FILMSTARTS: Jeder, wirklich jeder weiß, wer Neil Armstrong ist. Viele haben auch den Namen Buzz Aldrin schon einmal gehört oder bringen ihn mit „Apollo 11“ in Verbindung, aber bei Michael Collins klingelt es bei den meisten nicht.
Todd Douglas Miller: Nein, kaum jemand kennt den Namen.
FILMSTARTS: Leider nur die Space-Geeks. Tut dir eigentlich Michael Collins leid, der als einziger der drei nicht auf dem Mond spazieren durfte und stattdessen im Raumschiff-Modul „Columbia“ um den Mond kreiste, um Armstrong und Aldrin später wieder aufzusammeln…?
Todd Douglas Miller: Nein! Ich hatte das Vergnügen, Michael Collins besser kennenzulernen. Ich kann es dir aus erster Hand erzählen: Er bedauert gar nichts oder fühlt, etwas verpasst zu haben. Und er hatte streng betrachtet den viel wichtigeren Job, weil er die Mondlandefähre „Eagle“ ständig im Auge behalten musste, damit Armstrong und Aldrin sicher zurückkehren konnten. Es war faszinierend, von Collins diese Geschichte zu hören und wie dramatisch alles war.
Zum Mond, Mars und darüber hinaus
FILMSTARTS: Die Amerikaner waren seit 1972 nicht mehr auf dem Mond. Kannst du dir das konkret erklären, warum man nicht über die Jahren nachgesetzt hat?
Todd Douglas Miller: Mein vorheriger Langfilm war eine Doku über Dinosaurier, von daher betrachte ich die Dinge durch die geologische Brille über einen langen Zeitraum. Deshalb glaube ich, dass 50 Jahre auf die Gesamtheit bezogen nicht so viel sind. Wir dürfen uns glücklich schätzen, in so einer Zeit zu leben, wo Menschen das erste Mal den Mond betreten haben – nur zwei Generationen, nachdem das Flugzeug erfunden wurde. Noch in 1000 Jahren, wenn wir noch hier sind, werden die Menschen hoffentlich auf diesen Moment zurückschauen. In Zukunft muss es das Ziel sein, in den Kosmos zu expandieren. Nicht nur zum Mond und zum Mars, sondern darüber hinaus. Nicht nur NASA, sondern auch viele private Firmen wie SpaceX arbeiten daran. Das ist immer noch eine aufregende Zeit.

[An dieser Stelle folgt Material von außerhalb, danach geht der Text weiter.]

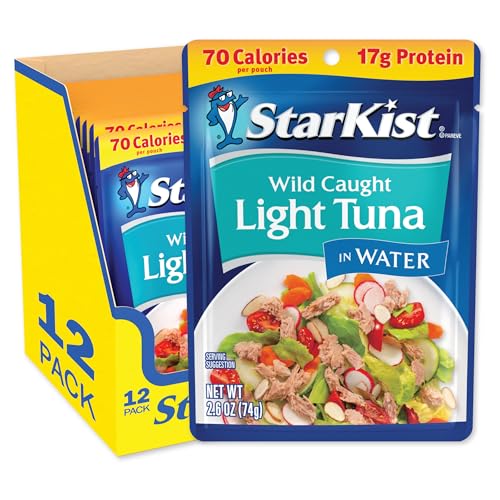 StarKist Light Tuna in Water Pouch (2.6 oz - 12 Pack) Ready to Eat, Wild Caught, High Protein Shelf Stable Seafood, Gluten Free, Soy Free, No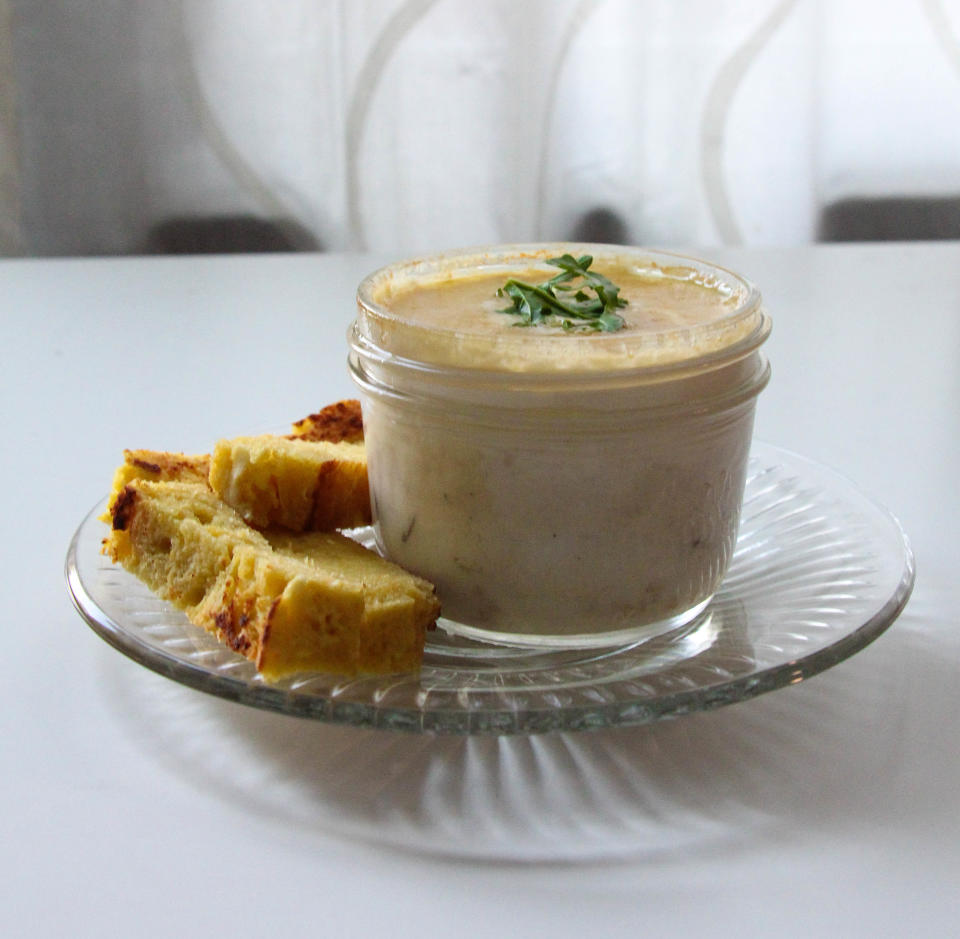 This breakfast is decadent AF. After making and eating it, you&rsquo;ll feel full for hours. <br /><br />You can add protein or leafy greens to the mixture for layers. The keto bread is so easy and perfect as a replacement for sandwiches, English muffins, bagel and biscuits. The options are endless.&nbsp;<br /><br /><strong>Eggs (4 servings)</strong><br />4 eggs<br />1 cup heavy whipping cream<br />8 oz. mushrooms, quartered<br />2 Tb garlic, minced<br />2 Tb&nbsp;butter<br />Salt and pepper, to taste&nbsp;<br /><br />Melt 1 Tb butter in a&nbsp;skillet over medium heat until foamy. Saut&eacute; mushrooms and garlic until tender, stirring occasionally, 4-5 minutes. <br /><br />Add heavy whipping cream and cook 5 more minutes, stirring occasionally. Season with salt and pepper. <br /><br />Remove from heat, cover, and steep for 10 minutes. Divide mixture into four 4-oz. jars. <br /><br />Crack egg into each jar. Heat oven to 400 degrees F. Transfer jars to deep baking dish and pour enough boiling water into baking pan to come halfway up the sides of the jars. Cover entire pan with aluminum foil and bake for 18-20 minutes.<br /><br /><strong>Keto Bread (1 serving)</strong><br />3 Tb almond or coconut flour<br />1 egg<br />1/2 tsp baking powder<br />1 1/2 Tb butter, melted &nbsp;<br /><br />Mix all ingredients. Pour in mug or 5-oz. ramekin and cook in microwave for 90 seconds. Cut in half lengthwise and toast to liking.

FILMSTARTS: Was ist das Vermächtnis des Apollo-Programms heute?
Todd Douglas Miller: Schaut man auf die spezielle Zeit mit der prekären Lage der Weltpolitik zurück, ist das Erstaunliche, dass Hunderttausende von Menschen für ein Ziel zusammenkamen – und auch Firmen, zehntausende Unternehmen waren beteiligt, das vergessen die meisten Leute immer. Das ist ein archetypisches Beispiel für erfolgreiches Projekt-Management. Auf der anderen Seite befeuert es auch die Vorstellungskraft, dass man etwas Großes realisieren kann, wenn man alles daran setzt.
FILMSTARTS: Die letzte Frage… Jimmy Chin und Elizabeth Chai Vasarhelyi, die Regisseure von „Free Solo“, einer ebenfalls herausragenden Doku, drehen demnächst einen Action-Thriller für Netflix. Ist das etwas, was du dir auch vorstellen kannst? Eine Rückkehr zum Spielfilm?
Todd Douglas Miller: Ja, absolut. Ich muss zwar vorher oder nebenbei noch einige andere kleine Projekte wie die andauernde Restaurationsarbeit zu Ende bringen. Dazu entwickeln wir für andere Filmemacher technische Systeme für Großbildformate. Wir setzen im Moment voll auf diese Formate, große Events, IMAX. Aber nicht nur für nicht-fiktionale, sondern auch für fiktionale Stoffe.
„Apollo 11“ läuft am 7. und 14. Juli 2019 in ausgewählten Kinos als Event-Film.